## RECORDS FOR THE TASK
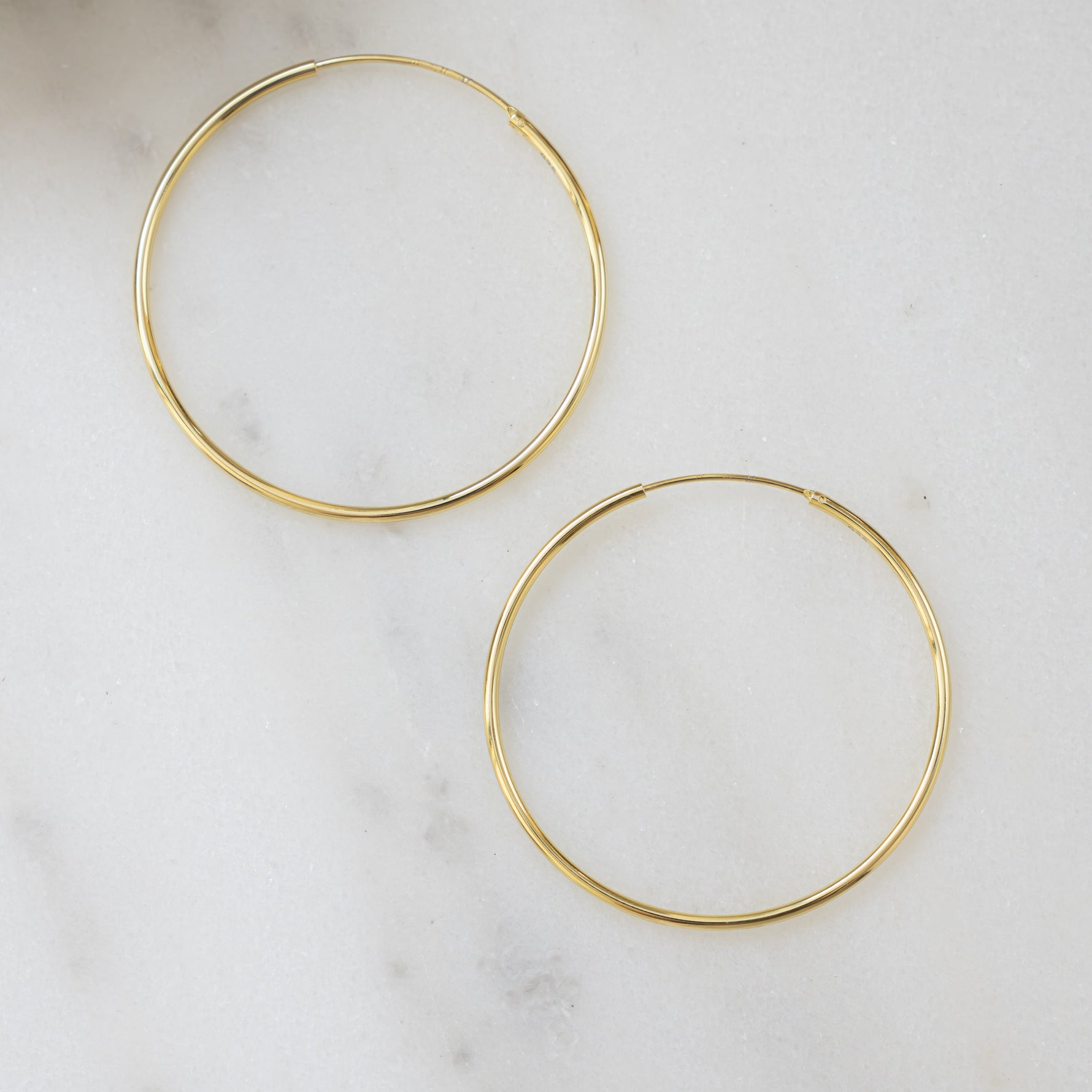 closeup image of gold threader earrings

* * *

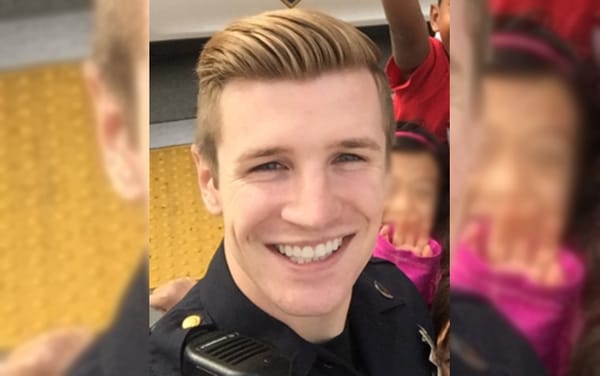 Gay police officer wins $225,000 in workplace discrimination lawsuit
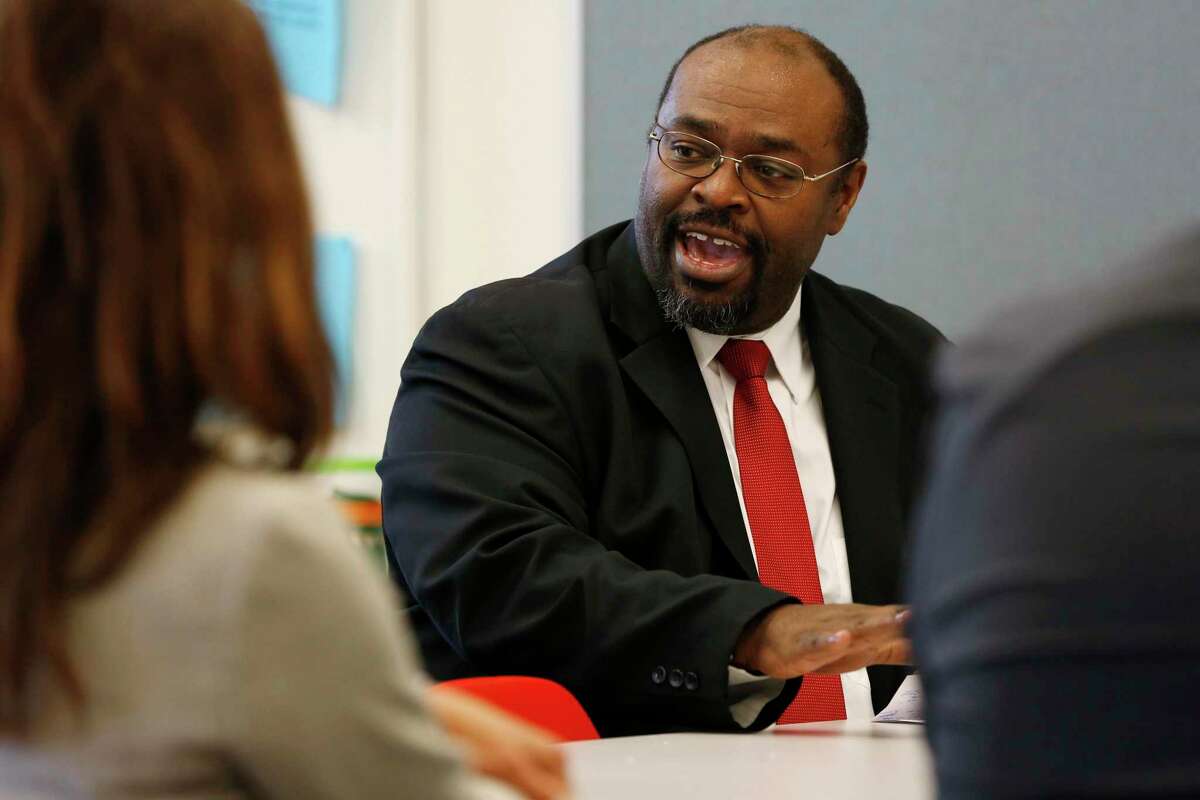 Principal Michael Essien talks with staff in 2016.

## EXERCISE DETAILS
Of all the material above, only the lines from the one that has "Gay police officer" down to the one that has "Principal Michael Essien" are to be written out, exactly and with both ends included. Pictures are skipped.

## TASK ANSWER
 Gay police officer wins $225,000 in workplace discrimination lawsuit
 Principal Michael Essien talks with staff in 2016.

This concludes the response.